_TASK INPUTS_
--- START ---
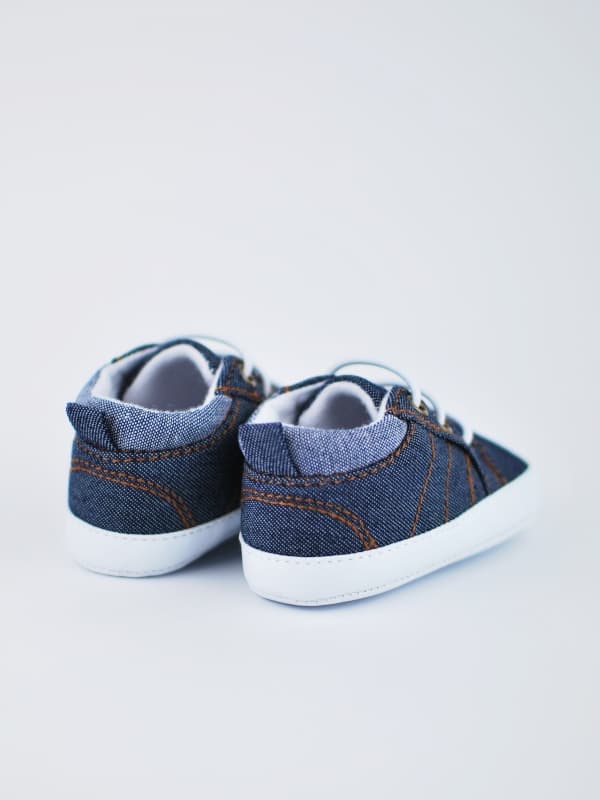 Marinblå eleganta barnsko i jeans 0/6 år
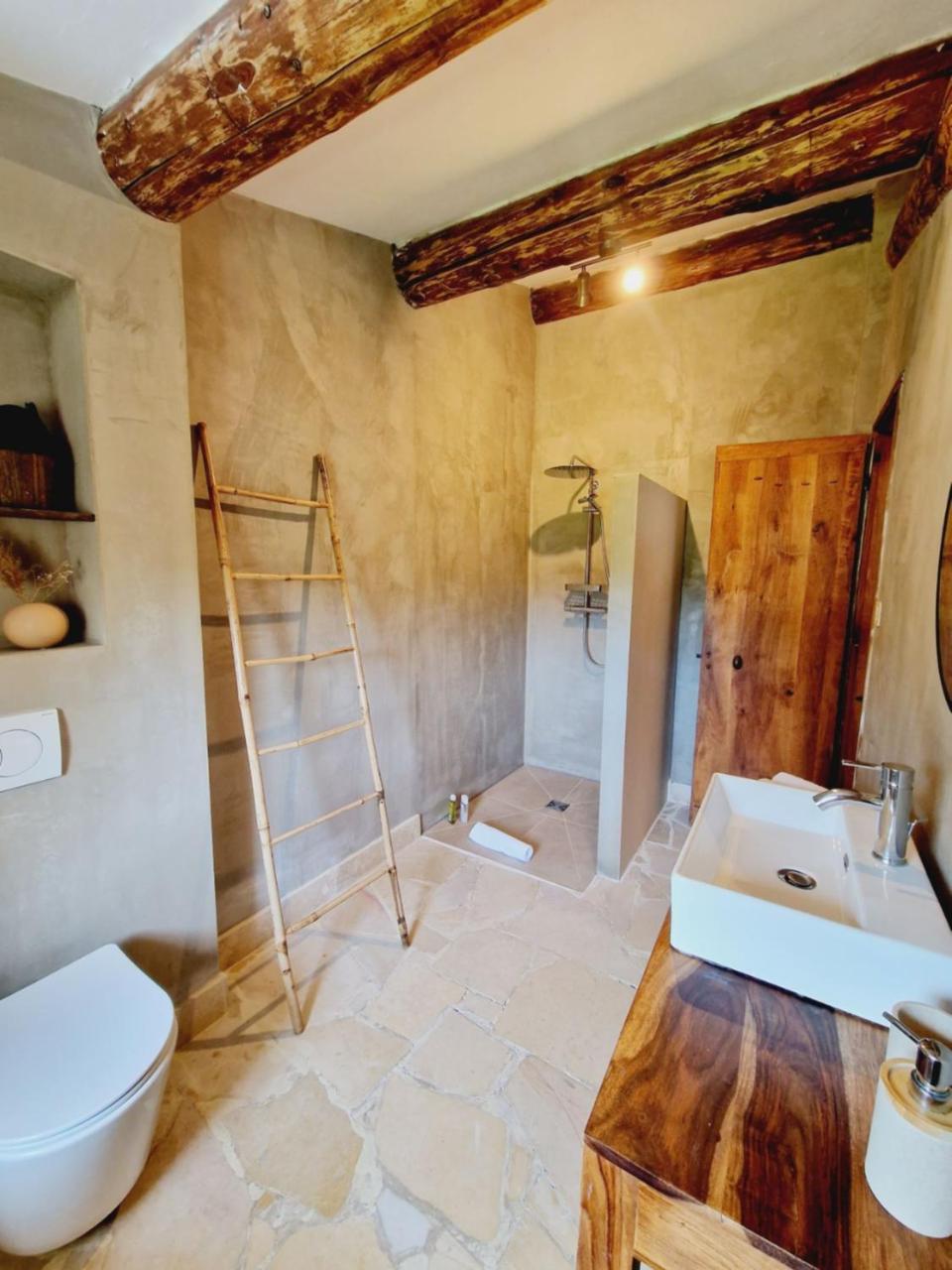Double Room with Private Bathroom,1572687974:JPEG
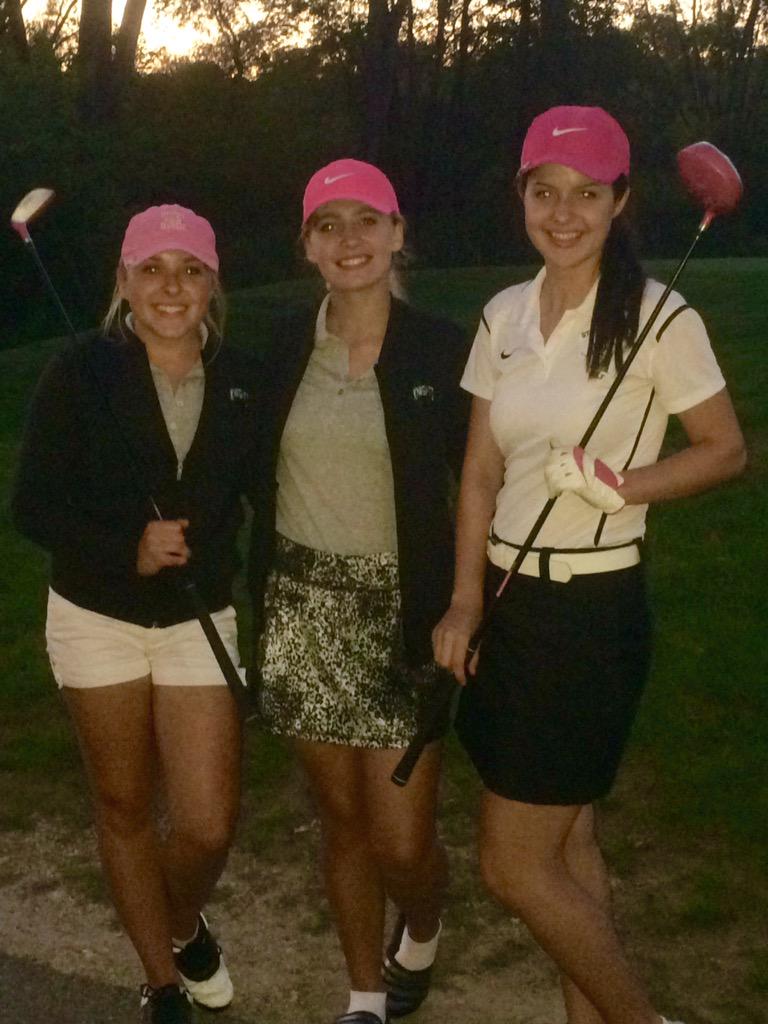 eva_finley's tweet photo. Supporting my sister on the golf course tonight 💗 #CancerSucks #GOFOMO 🎀🎀🎀 http://t.co/WgviSDygad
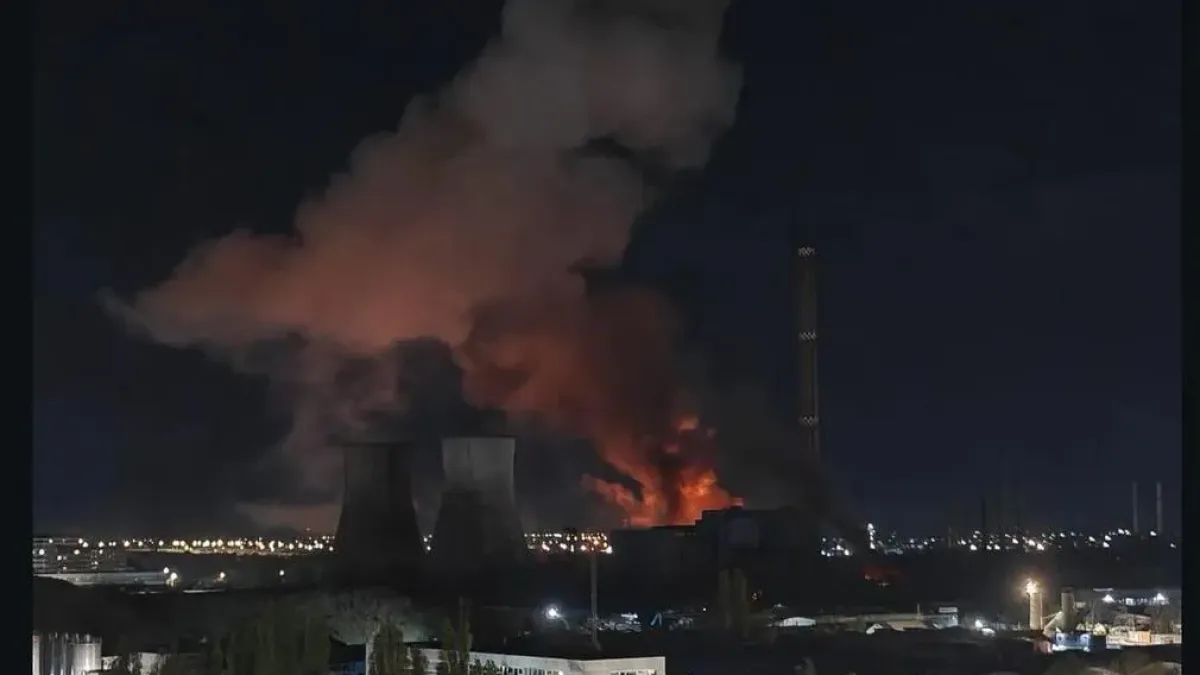 Мощен взрив и пожар в ТЕЦ в Букурещ, хиляди са без топла вода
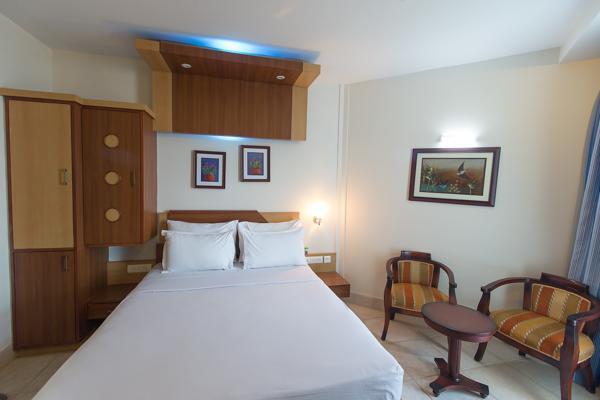 Empires Hotel Пури Екстериор снимка
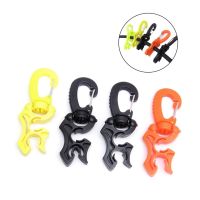 +‘； Scubas Diving Double Hose Holder Clip, Diving Double BCD Hose Holder Clip Regulator Retainer Buckle Hook For Snorkeling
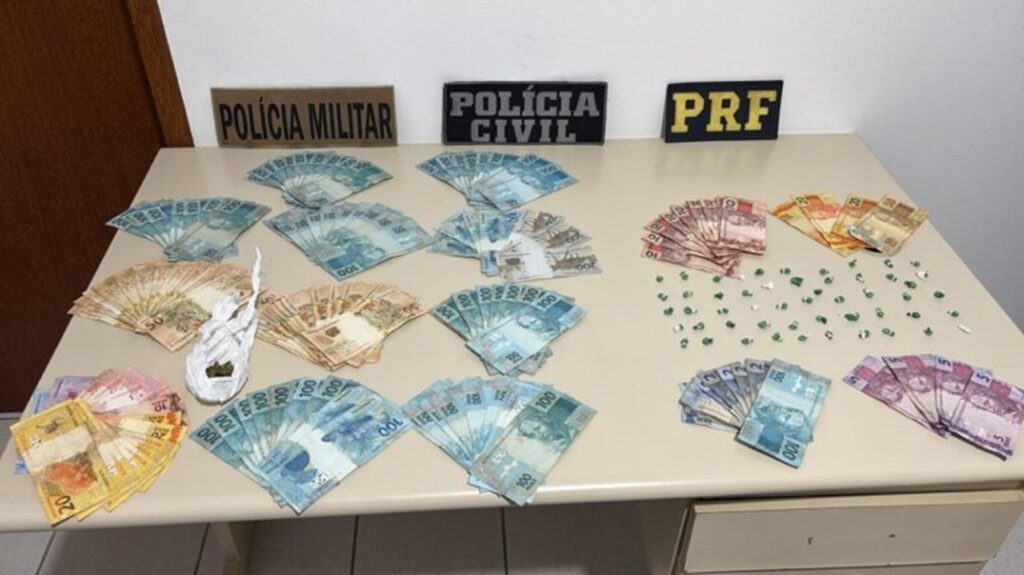 Polícia Civil deflagra operação policial contra o tráfico de drogas em Bom Retiro Polícia Civil deflagra operação policial contra o tráfico de drogas em Bom Retiro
--- END ---
_WORK TO COMPLETE_
Look for the line that contains "Мощен взрив и", then please copy it and the rest of the lines through the end of the data, pictures excluded.

_RESULT OF THE EXERCISE_
 Мощен взрив и пожар в ТЕЦ в Букурещ, хиляди са без топла вода
 Empires Hotel Пури Екстериор снимка
 +‘； Scubas Diving Double Hose Holder Clip, Diving Double BCD Hose Holder Clip Regulator Retainer Buckle Hook For Snorkeling
 Polícia Civil deflagra operação policial contra o tráfico de drogas em Bom Retiro Polícia Civil deflagra operação policial contra o tráfico de drogas em Bom Retiro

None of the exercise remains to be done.